WHAT TO PRODUCE:
There is material below. Print exactly the lines starting at the line with "John Deere 7200A utility mower - Image 11" and ending at the line with "Sony brand lush headphones 5", ends included, and no others.

DATASET EXCERPTS:
===
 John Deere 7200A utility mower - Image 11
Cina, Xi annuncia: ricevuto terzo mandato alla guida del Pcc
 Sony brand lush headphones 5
===
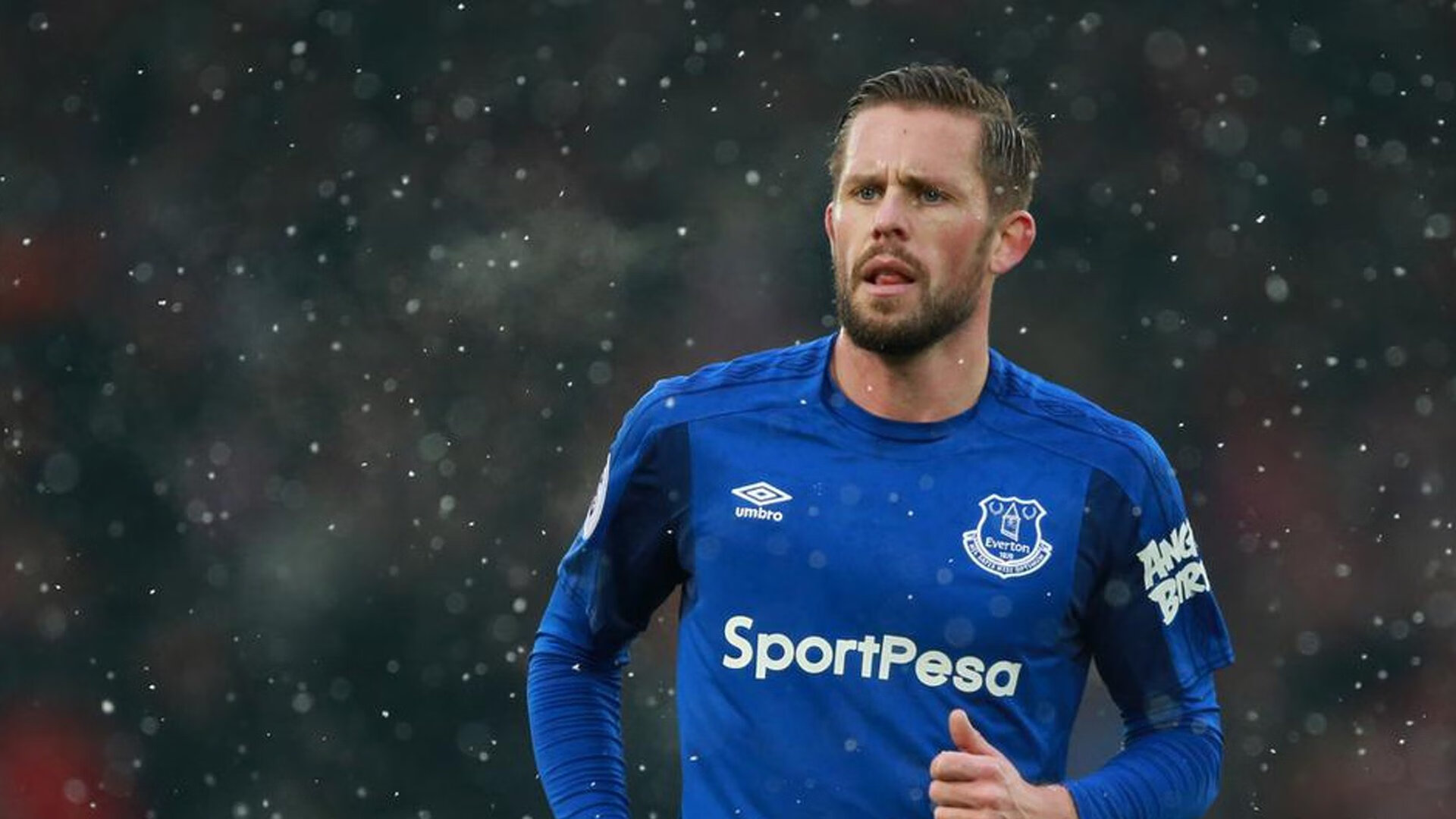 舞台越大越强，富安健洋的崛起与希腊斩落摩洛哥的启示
===
SOLUTION TO THIS TASK:
 John Deere 7200A utility mower - Image 11
Cina, Xi annuncia: ricevuto terzo mandato alla guida del Pcc
 Sony brand lush headphones 5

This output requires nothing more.